For investors who take out loans to pay for college, the financial party does not start immediately upon graduation. But for those investors who paid out-of-pocket for tuition costs, there is a brand new world of financial and investment opportunity that opens when the last child graduates from the final stage of parent-supported education.
At what point do parent investors switch their thinking from “How am I going to pay for college?” to “What are we going to do with our money when we are done paying for college?”
It is the advisor’s job to determine when it is appropriate to switch a client’s thought process from paying for college to having a financial burden removed from consideration. It is important for advisors to make investors understand the proper time to make the switch is not the day the children graduate. The conversation can begin many years before, once the investor believes the college cost concern is covered.

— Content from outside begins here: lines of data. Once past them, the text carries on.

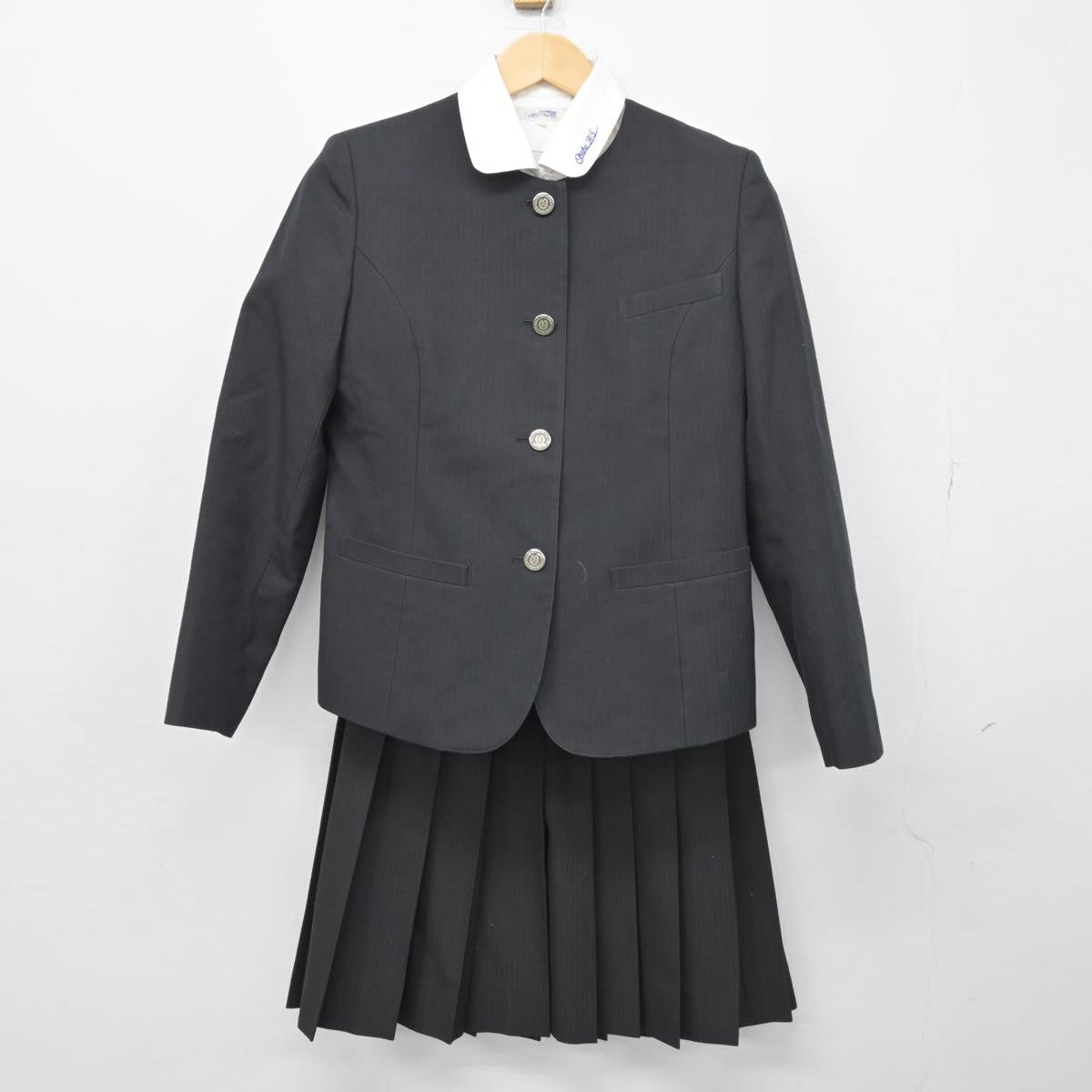 【中古】広島県 大竹高等学校 女子制服 4点（ブレザー・ニット・シャツ・スカート）sf030231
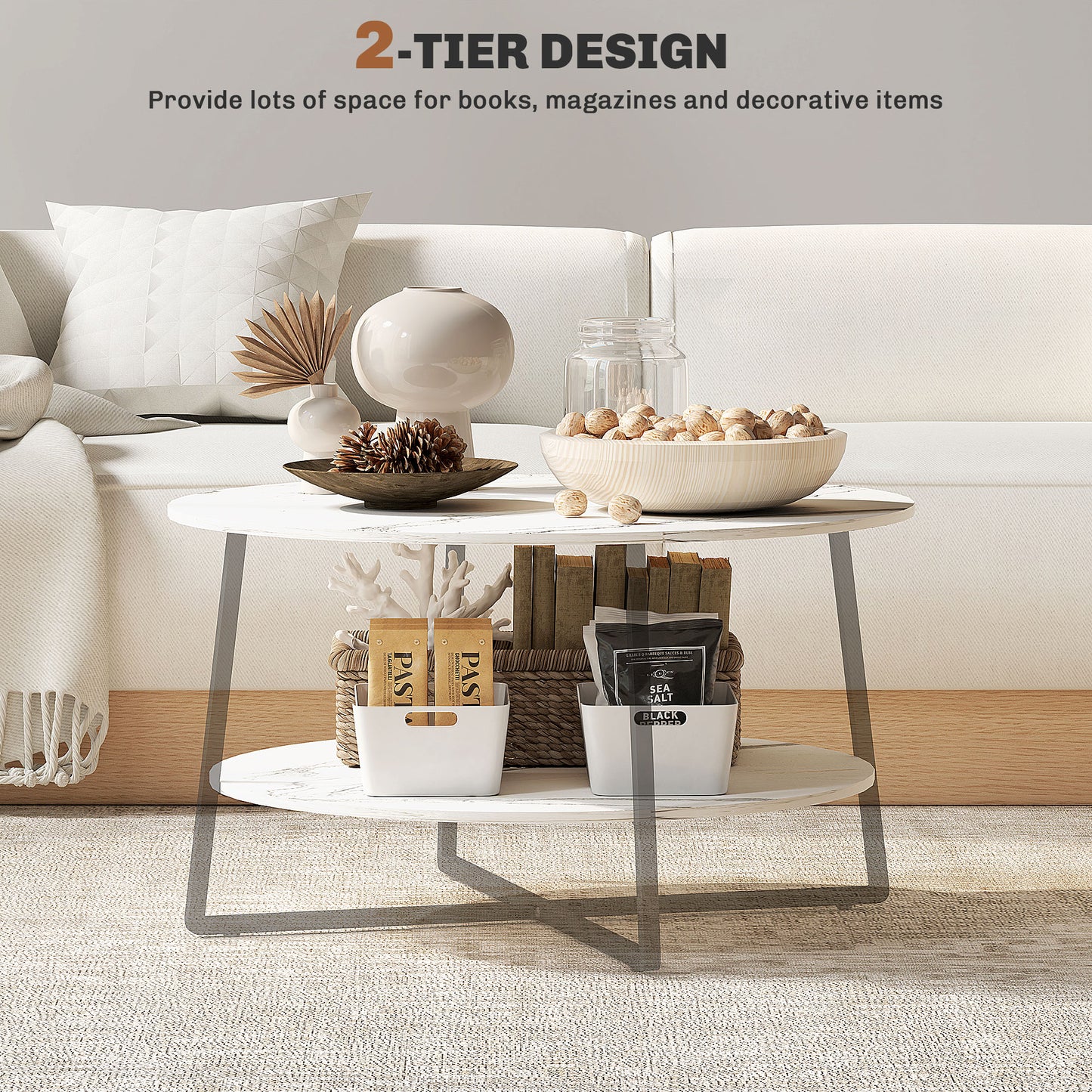 Masoso Wooden White And Black 2 Tier Marble Effect Coffee Table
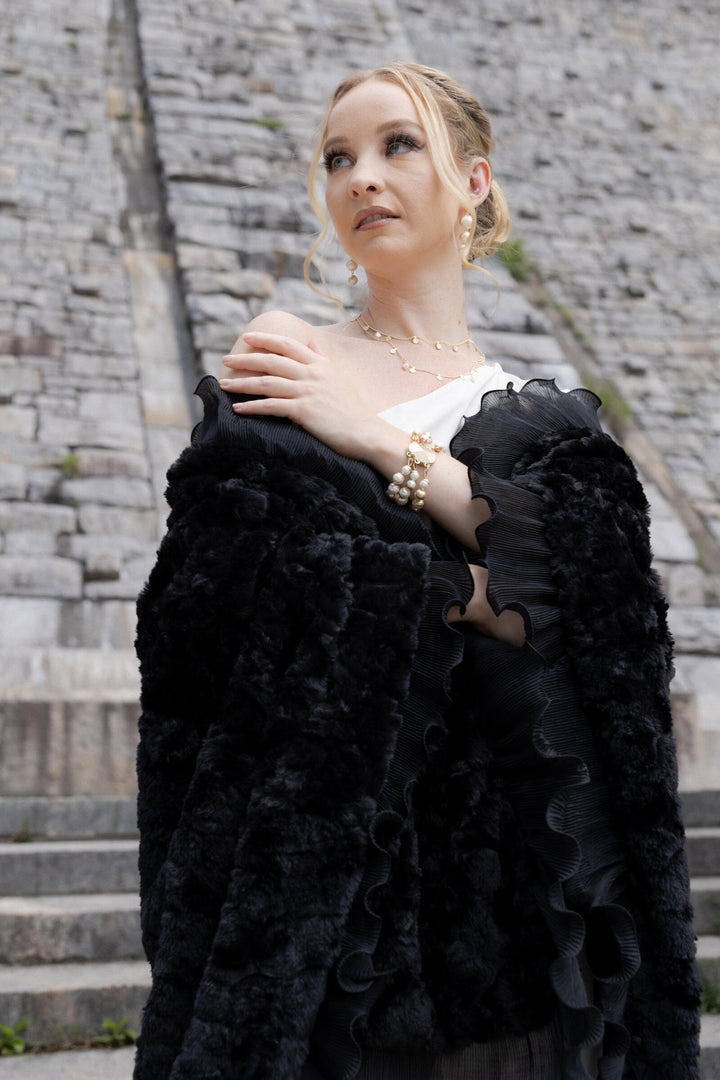 Ruffled Faux Fur Cape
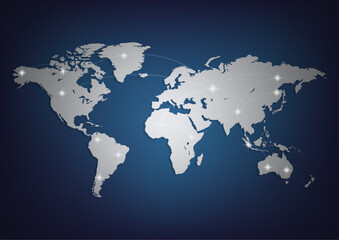 World map with a colorful, geometric pattern made of triangles. Perfect for travel, diversity, and global themes.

Spectrem’s unique study of investor parents – Family Affairs: How Children Change Financial Decision-Making – examines the difference between investors with financially dependent children and investors who no longer have children hanging on their purse strings. Reaching the stage when children become financially independent affects debt concerns, perception of wealth, and advisor relationships.
Investors without dependent children are more willing to engage with advisors about future investments because they do not have the albatross of expenses related to children hanging upon them.
The relationship between advisors and clients with dependent children is often one of need – the parents need help reaching financial targets and securing the future. The relationship between advisors and clients without dependent is one of desire, a period investors have waited years for, to be able to consider investment strategies without worrying (as much) about their children’s financial future.
When an investor’s children complete their education, it is a momentous occasion for the investor. It is also a big moment for the advisor, who can assist the investor in determining the best way to allocate the funds that previously went to pay for that education.
It’s a good time for investors and it can be a good time for advisors as well.